Most studies have reported that the incidence of STAS is higher in lung cancer patients with solid nodules as shown on CT than in lung cancer patients with subsolid nodules (3,4). However, significant differences in nodule classification between the two groups have been identified. In this study, 78.5% of the STAS-positive group had solid nodules, which is consistent with previous studies (3,4). In recent years, the PSC has become a hot topic in lung cancer imaging studies and is an independent correlation factor for the recurrence and prognosis of early lung cancer (15,16). Notably, in this study, the PSC was more effective in predicting STAS than the tumor diameter. The PSC was easily obtained on CT, and had an optimal cut-off value of 63% with a sensitivity and specificity of 92.5% and 72.7%, respectively. This information could guide the reasonable treatment of lung cancer. Currently, it is controversial (17) whether pulmonary segmental resection is appropriate for pulmonary nodules located in the peripheral 1/2 area of lung, with a long diameter less than 2 cm, and a solid component ratio greater than 0.5. Based on the findings of this study, it was concluded that caution should be exercised when considering segmental resection for part-solid nodules with a diameter of less than 2 cm and a PSC greater than 63% to avoid increasing the risk of local recurrence.
In this study, the part-solid nodules were further stratified, and the results showed that the positive rate of STAS increased as the PSC increased. Notably, STAS was only observed in part-solid nodules with a solid component greater than 25%. “China’s National Expert Consensus on Thoracic Surgery for Lung Nodules (less than 2 cm) Wedge Resection 2023” recommends wedge resection for subsolid nodules with diameters less than 2 cm and PSC <0.25 (Class I recommendation). Importantly, the results of this study are consistent with this recommendation (18). Statistically significant differences were observed between the STAS-positive and STAS-negative groups in the lesions in terms of the burrs, lobulation, cavitation, ground-glass shadows with blurred boundaries, satellite foci, and pleural traction. Toyokawa et al. (10) also reported a correlation between STAS-positive and pleural depression, lobulation, burrs, and other signs. Tumors with malignant tendencies often display the imaging features of burrs, lobulation, and pleural stretch, and these features are associated with tumor invasiveness and poor prognosis.
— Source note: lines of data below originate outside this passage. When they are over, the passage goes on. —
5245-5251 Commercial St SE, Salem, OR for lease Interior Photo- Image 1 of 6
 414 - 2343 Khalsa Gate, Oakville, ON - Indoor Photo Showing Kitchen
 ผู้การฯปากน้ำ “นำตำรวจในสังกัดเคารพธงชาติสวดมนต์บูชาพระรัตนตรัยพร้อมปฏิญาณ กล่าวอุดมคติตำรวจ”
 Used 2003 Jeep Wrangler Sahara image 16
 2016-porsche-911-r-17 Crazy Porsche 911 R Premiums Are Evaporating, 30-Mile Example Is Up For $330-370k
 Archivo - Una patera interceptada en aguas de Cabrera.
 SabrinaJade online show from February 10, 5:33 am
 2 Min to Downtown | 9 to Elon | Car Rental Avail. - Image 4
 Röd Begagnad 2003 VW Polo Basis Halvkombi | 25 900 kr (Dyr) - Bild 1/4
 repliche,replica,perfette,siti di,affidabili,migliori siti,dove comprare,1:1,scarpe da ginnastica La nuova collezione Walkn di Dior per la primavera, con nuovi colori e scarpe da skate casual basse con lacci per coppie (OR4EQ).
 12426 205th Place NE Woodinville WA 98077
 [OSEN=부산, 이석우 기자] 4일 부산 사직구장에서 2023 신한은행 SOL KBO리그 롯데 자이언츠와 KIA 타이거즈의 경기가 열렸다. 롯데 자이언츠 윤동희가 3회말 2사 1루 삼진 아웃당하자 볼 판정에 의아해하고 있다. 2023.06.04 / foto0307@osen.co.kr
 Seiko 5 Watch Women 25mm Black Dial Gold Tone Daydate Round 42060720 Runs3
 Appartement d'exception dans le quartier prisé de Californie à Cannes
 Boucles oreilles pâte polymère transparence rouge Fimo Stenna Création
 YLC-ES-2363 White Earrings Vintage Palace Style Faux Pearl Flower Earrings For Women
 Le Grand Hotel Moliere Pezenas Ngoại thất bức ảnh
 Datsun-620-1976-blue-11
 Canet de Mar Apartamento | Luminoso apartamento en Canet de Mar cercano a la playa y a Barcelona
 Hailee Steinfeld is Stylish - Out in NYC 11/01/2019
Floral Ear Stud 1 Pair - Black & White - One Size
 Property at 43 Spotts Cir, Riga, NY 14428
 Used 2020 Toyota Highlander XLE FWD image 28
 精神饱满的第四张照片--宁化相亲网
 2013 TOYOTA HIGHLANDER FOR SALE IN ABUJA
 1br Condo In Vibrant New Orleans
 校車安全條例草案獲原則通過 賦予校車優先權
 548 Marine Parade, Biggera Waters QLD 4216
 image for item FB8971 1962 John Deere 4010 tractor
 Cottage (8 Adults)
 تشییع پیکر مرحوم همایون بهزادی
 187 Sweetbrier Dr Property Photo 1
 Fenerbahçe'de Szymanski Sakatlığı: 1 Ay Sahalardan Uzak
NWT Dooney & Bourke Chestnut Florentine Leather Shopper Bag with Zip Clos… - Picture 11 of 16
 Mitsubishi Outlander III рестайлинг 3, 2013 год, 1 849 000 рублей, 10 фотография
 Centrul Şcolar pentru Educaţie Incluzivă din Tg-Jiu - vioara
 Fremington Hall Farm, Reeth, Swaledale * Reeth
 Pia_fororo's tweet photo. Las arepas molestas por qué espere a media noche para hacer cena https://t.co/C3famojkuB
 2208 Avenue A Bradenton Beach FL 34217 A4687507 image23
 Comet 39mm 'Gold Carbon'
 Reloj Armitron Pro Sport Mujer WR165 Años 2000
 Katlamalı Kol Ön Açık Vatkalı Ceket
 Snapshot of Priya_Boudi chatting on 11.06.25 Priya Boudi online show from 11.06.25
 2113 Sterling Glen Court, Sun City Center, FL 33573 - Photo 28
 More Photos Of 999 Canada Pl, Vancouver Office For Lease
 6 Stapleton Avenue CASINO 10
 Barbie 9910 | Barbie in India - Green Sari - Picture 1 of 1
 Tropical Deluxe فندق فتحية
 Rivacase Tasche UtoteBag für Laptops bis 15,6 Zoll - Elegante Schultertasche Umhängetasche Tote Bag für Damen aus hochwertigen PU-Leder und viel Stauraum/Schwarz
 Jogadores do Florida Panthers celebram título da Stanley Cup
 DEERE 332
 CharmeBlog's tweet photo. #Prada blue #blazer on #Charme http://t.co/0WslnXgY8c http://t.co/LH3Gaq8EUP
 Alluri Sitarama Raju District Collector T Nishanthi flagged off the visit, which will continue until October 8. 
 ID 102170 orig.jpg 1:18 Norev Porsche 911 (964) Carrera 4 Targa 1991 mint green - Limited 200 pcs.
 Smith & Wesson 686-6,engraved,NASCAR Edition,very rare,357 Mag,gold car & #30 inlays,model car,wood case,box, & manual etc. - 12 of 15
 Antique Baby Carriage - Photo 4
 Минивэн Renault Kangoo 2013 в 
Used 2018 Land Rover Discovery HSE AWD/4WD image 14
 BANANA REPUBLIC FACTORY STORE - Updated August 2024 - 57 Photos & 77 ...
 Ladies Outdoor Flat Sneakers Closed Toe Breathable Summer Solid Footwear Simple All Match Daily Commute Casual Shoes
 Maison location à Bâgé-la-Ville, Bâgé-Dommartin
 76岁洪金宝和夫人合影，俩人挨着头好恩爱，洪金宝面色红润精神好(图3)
Ground-glass nodules with blurred edges often indicate inflammation and bleeding, and ground-glass shadows with blurred boundaries may also appear around infiltrating mucinous adenocarcinoma, which is pathologically attributed to mucin filling the alveolar cavity, effusive macrophages, and tumor cells (19,20). The incidence of STAS in infiltrating mucinous adenocarcinoma is 50–70% (21). Ground-glass shadows with blurred boundaries were also detected at the tumor edge in the STAS-positive group. This study only included cases with blurred boundary glass shadows at the non-distal end of the lesion to differentiate obstructive pneumonia complicated by the tumor.
Blurred boundary glass shadows were only observed in 21 cases in the STAS-positive group, and no such shadows were observed in the STAS-negative group. The difference between the two groups was statistically significant. Thus, the persistence of ambiguous glass grinding at the tumor edge (non-distal) appears to be significantly correlated with STAS in lung cancer.
Warth et al. (22) discovered that peritumoral edema or bleeding provide a potential energy supply for STAS. Satellite foci are characteristic indicators of pulmonary tuberculosis, especially when accompanied by tree-bud signs, and have a predictive value of up to 90% for benign nodules (23). However, satellite foci are not unique to tuberculous spheres, and may also indicate peripheral lung cancer. Qi et al. (24) reported an incidence rate of approximately 5.36% for satellite foci in lung cancer. In this study, the incidence of satellite foci in the STAS-positive group reached 7.43% (9/121), and the CT scans revealed solid or ground-glass plaques or nodules within 2 cm of the primary lesion. Conversely, no such signs were observed in the STAS-negative group, and this difference achieved statistical significance, indicating a strong correlation between satellite foci and lung cancer-associated STAS.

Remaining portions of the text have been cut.